Yong Kuong Yong (born 18 September 1988 in Port Dickson) is a Malaysian footballer. He is currently playing for CRC Penang in FAP Division 1. He can played in a multitude of roles, including as a full back, centre back, central midfielder and occasionally as a striker.

Career
Yong started his career playing for his hometown team Negeri Sembilan Chinese for the Malaysian Chinese Football Association (MFCA) League, under coach Christopher Khoo. He later leaves his hometown to Kuala Lumpur to play in Kuala Lumpur FA youth team, and was promoted to the senior team in 2009.

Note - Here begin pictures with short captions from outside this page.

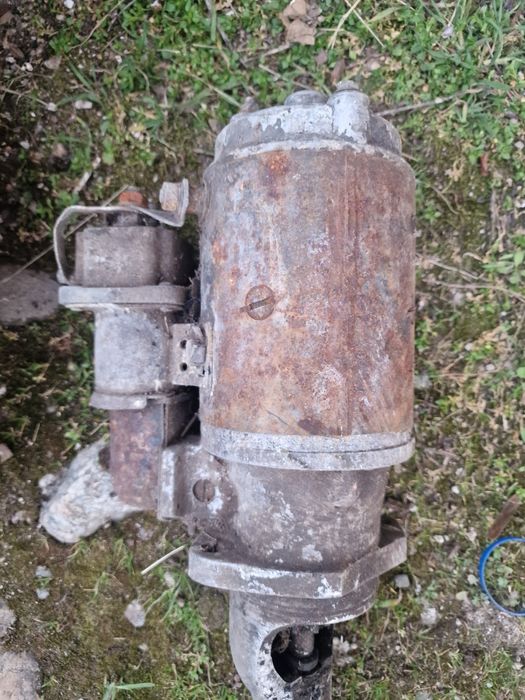 Авточасти за камион Зил и Газ 66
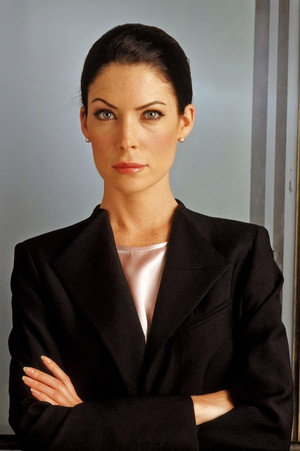 Lara Flynn Boyle portrait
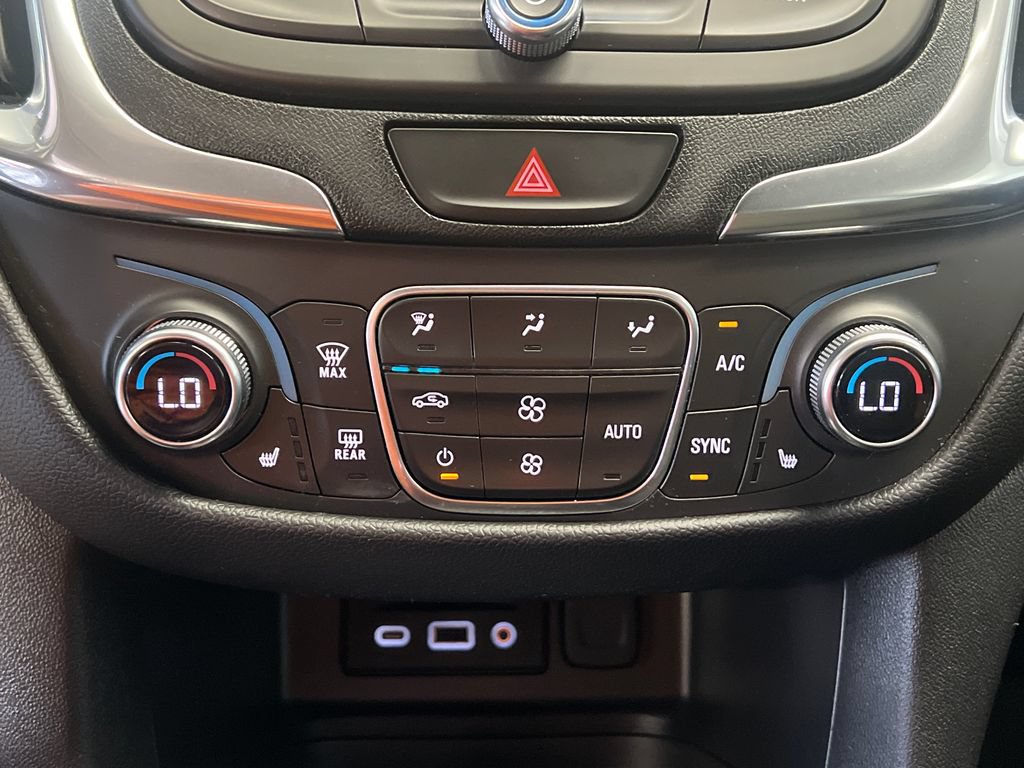 Used 2019 Chevrolet Equinox LT w/ Sun & Navigation Package AWD/4WD image 29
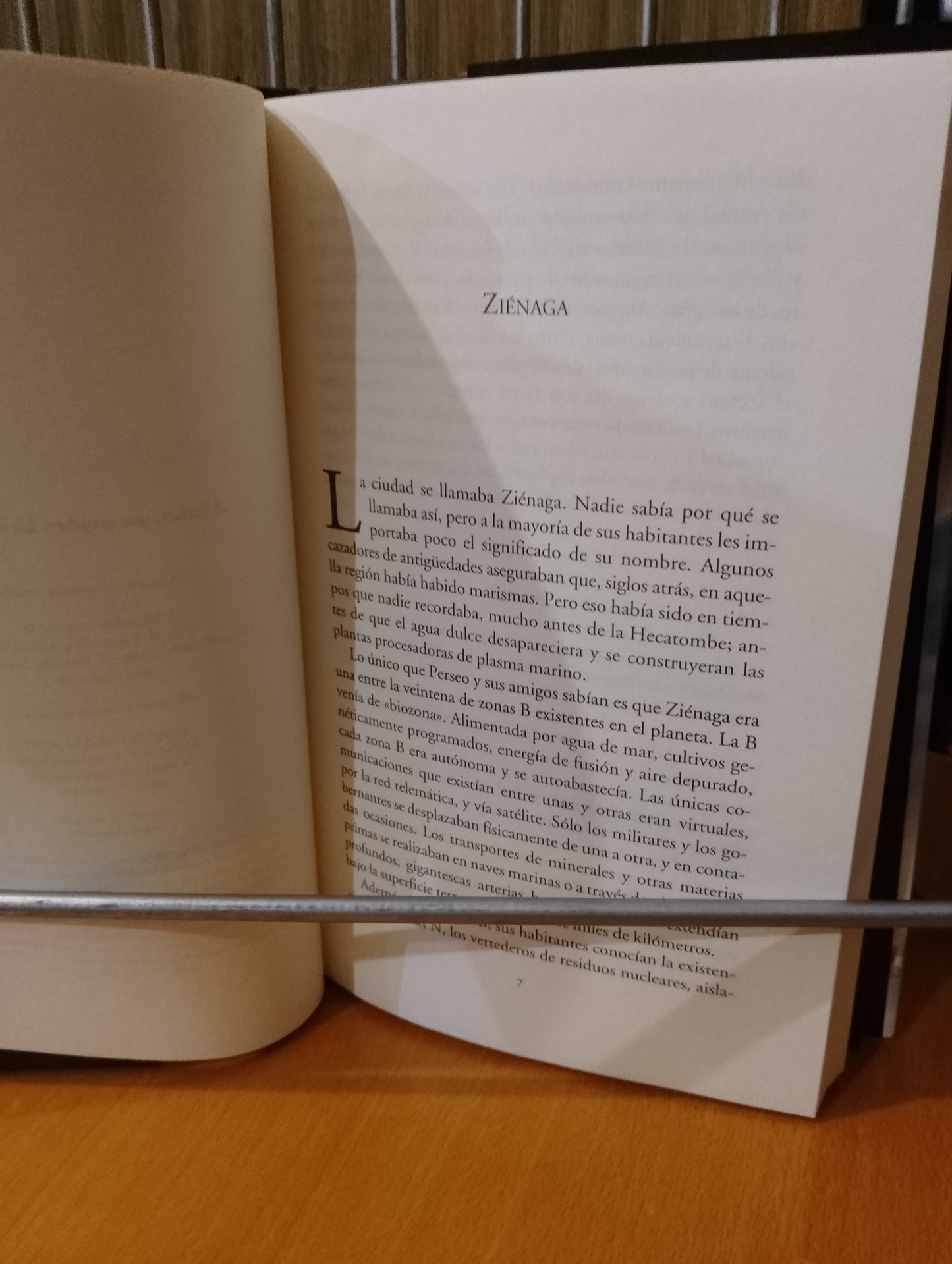 Ciudad sin estrellas. Montse de Paz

He transferred to Felda United FC for the 2012 season. On 10 January 2012, in his league debut for Felda United, he scored in a 2–0 victory over his former club, Kuala Lumpur FA. He scored his second goal in a 1–0 win over PBDKT T-Team FC on 30 June 2012.

Yong signed for Perak FA for the 2013 season.

In November 2013, Yong signed for Malaysia Premier League side, Penang FA.

Career statistics

Club

International
.

International career
He has been called up to Malaysia national football team in 2010 & 2015. He made his debut for Malaysia against Yemen on 27 February 2010.

Yong was also playing for the Malaysia U-23 team. He was called up to the SEA Games U-23 squad in October 2011 after impressive performance in Malaysia Cup. He made his first appearances against Nepal and manage to score one goal. Yong has also shown a tremendous performance on his first appearance in the SEA Games helping the Malaysia national team to wins 4–1 against Cambodia through one assist.

Style of play
At the start of his career, Yong plays as a midfielder and occasionally as a striker at Kuala Lumpur, FELDA United and Perak. When he transferred to Penang, he was converted as centre-back by Coach K. Devan, due to his height, aggressiveness, speed and mainly lack of choice of centre back players in the squad at the time due to injuries. He adapted the position so well that he becomes the first choice centre-back for Penang.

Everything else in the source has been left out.